(Entries shown)
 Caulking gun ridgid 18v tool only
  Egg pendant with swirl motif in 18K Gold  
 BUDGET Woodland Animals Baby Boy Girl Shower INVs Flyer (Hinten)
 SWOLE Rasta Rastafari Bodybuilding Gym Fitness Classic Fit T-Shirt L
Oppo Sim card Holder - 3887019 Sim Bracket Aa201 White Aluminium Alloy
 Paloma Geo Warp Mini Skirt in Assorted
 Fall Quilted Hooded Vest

--

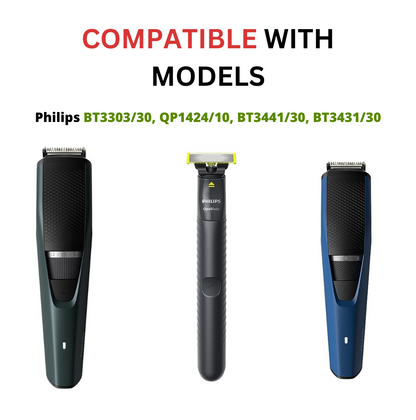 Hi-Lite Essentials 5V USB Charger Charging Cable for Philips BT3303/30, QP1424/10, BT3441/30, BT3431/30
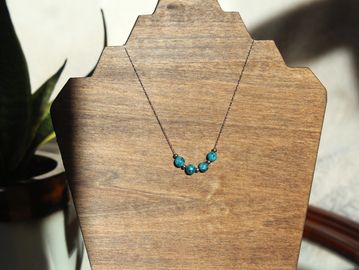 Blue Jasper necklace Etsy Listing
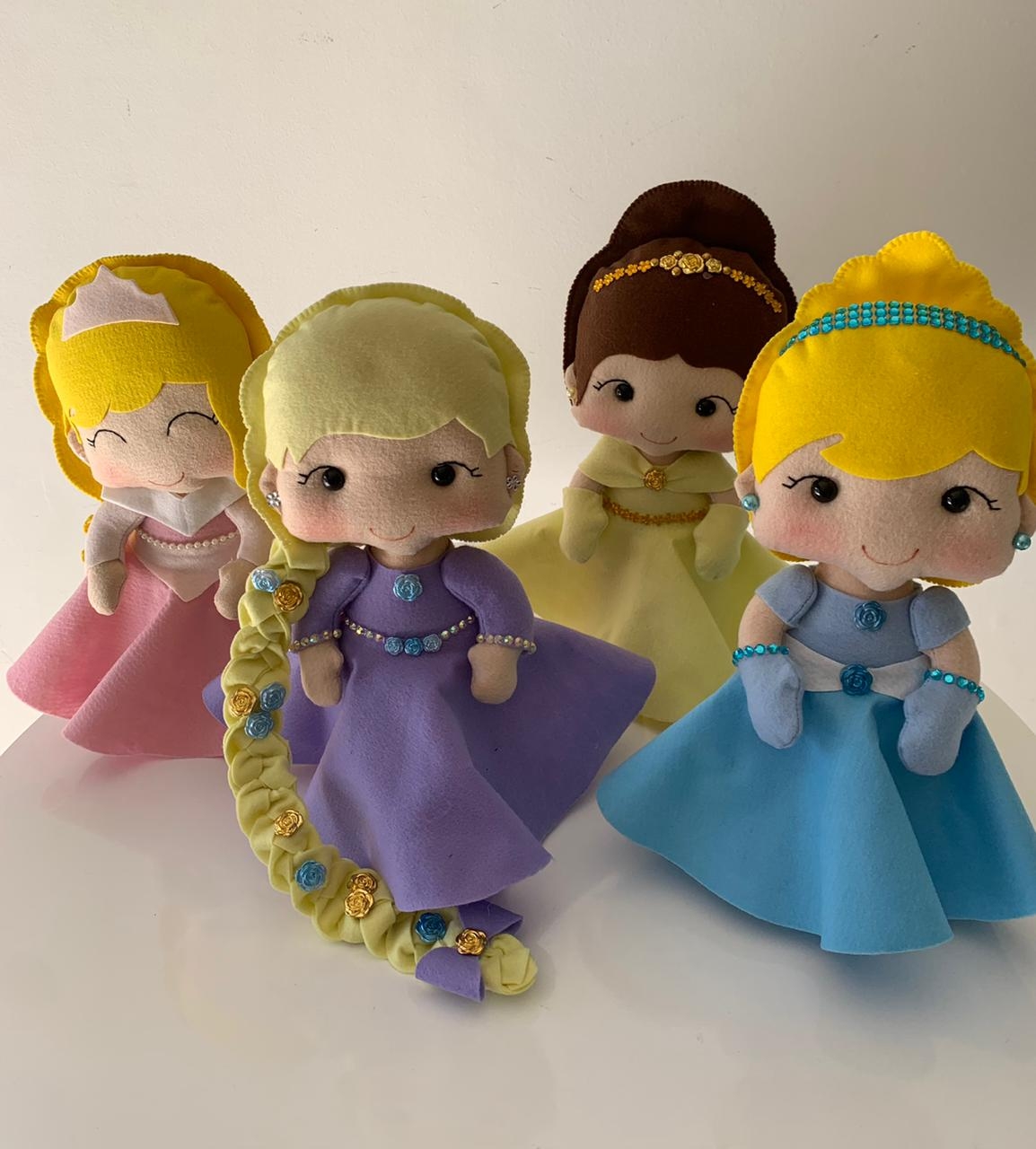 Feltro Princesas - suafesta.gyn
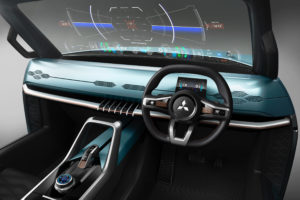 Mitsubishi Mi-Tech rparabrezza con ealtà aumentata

(Goal of the exercise) Here the output must be the lines above from the line with "Caulking gun ridgid 18v tool only" to the line with "Fall Quilted Hooded Vest", both included, duplicated word for word and nothing else.

(Written reply)
 Caulking gun ridgid 18v tool only
  Egg pendant with swirl motif in 18K Gold  
 BUDGET Woodland Animals Baby Boy Girl Shower INVs Flyer (Hinten)
 SWOLE Rasta Rastafari Bodybuilding Gym Fitness Classic Fit T-Shirt L
Oppo Sim card Holder - 3887019 Sim Bracket Aa201 White Aluminium Alloy
 Paloma Geo Warp Mini Skirt in Assorted
 Fall Quilted Hooded Vest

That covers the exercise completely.